PROVIDED INFORMATION:
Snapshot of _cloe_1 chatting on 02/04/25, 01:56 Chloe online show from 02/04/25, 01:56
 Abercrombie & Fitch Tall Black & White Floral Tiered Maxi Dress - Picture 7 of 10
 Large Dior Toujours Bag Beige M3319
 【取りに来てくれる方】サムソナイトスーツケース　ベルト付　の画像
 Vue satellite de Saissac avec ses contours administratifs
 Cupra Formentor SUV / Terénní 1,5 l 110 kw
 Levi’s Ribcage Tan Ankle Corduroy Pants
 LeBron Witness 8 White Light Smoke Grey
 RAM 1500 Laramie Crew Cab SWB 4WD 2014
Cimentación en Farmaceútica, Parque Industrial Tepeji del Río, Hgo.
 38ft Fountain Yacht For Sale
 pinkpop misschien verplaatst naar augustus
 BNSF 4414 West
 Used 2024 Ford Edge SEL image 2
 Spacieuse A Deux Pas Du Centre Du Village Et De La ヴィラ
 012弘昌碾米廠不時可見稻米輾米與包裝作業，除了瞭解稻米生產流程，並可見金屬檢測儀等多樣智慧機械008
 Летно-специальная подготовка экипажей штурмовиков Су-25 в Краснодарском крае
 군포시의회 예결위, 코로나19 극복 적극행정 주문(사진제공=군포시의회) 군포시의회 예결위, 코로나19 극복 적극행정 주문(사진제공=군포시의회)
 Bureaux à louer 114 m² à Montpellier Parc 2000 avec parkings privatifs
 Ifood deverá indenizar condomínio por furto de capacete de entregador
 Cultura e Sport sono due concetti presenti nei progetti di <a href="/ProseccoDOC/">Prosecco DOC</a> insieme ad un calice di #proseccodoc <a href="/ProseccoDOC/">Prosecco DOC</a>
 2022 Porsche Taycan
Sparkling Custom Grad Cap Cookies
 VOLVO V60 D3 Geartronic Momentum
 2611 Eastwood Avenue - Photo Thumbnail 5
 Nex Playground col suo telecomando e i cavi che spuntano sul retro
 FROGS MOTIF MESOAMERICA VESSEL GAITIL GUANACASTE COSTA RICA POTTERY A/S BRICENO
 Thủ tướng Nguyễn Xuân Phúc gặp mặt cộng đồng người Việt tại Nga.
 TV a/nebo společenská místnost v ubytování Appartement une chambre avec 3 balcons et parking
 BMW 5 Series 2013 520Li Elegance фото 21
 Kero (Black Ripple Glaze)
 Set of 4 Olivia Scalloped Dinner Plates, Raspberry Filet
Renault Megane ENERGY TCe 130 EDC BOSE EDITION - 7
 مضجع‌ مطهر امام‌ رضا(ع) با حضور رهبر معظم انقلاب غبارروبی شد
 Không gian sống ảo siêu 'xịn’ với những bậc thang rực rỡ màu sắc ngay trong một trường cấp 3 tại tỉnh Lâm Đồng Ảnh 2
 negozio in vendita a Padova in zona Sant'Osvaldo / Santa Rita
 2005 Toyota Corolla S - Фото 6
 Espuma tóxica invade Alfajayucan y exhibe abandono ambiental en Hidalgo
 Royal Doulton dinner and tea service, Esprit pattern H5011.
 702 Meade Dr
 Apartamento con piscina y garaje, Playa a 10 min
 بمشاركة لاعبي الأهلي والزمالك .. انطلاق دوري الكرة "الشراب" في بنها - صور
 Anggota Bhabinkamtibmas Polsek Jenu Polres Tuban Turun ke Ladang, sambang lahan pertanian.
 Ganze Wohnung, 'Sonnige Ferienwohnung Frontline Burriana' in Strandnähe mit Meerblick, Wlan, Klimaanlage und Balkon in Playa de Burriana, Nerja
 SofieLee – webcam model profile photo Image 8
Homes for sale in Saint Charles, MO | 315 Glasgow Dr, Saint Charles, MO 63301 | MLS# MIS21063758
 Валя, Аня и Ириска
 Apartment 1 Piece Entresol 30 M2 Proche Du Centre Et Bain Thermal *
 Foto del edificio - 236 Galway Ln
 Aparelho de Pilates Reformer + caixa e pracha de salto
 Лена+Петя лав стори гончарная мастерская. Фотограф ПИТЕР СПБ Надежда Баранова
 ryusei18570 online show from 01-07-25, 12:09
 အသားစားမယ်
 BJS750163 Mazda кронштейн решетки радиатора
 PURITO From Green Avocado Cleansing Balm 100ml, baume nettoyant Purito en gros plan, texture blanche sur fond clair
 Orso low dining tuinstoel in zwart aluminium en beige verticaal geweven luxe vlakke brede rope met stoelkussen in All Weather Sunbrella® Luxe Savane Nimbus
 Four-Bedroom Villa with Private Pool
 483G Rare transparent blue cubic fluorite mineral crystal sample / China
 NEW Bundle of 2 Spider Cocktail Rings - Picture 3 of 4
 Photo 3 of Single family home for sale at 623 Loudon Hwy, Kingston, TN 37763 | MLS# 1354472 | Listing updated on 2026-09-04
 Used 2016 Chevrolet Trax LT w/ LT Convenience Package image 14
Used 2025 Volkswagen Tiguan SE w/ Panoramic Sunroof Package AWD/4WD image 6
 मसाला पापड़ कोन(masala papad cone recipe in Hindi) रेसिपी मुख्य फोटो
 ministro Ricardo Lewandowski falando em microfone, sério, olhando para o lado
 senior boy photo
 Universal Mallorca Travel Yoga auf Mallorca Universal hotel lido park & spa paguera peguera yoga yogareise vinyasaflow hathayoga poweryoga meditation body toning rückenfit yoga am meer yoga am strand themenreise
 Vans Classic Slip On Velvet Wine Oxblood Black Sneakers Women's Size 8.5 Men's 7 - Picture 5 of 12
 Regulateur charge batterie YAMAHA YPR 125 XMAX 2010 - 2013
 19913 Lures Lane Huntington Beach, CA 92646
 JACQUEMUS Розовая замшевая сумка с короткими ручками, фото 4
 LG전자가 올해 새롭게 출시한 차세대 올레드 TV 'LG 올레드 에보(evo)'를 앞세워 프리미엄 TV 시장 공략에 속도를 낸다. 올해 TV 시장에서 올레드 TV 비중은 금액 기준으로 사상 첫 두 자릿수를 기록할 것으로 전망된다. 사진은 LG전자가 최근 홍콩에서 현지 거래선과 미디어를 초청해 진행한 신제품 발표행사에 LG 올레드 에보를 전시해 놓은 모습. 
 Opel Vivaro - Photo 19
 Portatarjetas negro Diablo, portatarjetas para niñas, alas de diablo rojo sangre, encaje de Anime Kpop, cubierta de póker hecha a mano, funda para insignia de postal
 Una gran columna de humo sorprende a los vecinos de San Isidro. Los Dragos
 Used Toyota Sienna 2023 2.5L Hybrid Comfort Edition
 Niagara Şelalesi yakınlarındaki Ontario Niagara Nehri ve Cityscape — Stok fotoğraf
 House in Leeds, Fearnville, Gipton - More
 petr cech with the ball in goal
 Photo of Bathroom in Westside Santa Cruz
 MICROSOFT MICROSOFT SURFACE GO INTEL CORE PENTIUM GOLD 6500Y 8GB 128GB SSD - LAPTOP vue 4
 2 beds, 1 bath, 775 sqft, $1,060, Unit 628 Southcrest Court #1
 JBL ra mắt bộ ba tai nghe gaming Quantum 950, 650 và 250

ACTIVITY: Take every line of the material that contains the word "White", and copy it.

RESULT OF THE TASK:
 Abercrombie & Fitch Tall Black & White Floral Tiered Maxi Dress - Picture 7 of 10
 LeBron Witness 8 White Light Smoke Grey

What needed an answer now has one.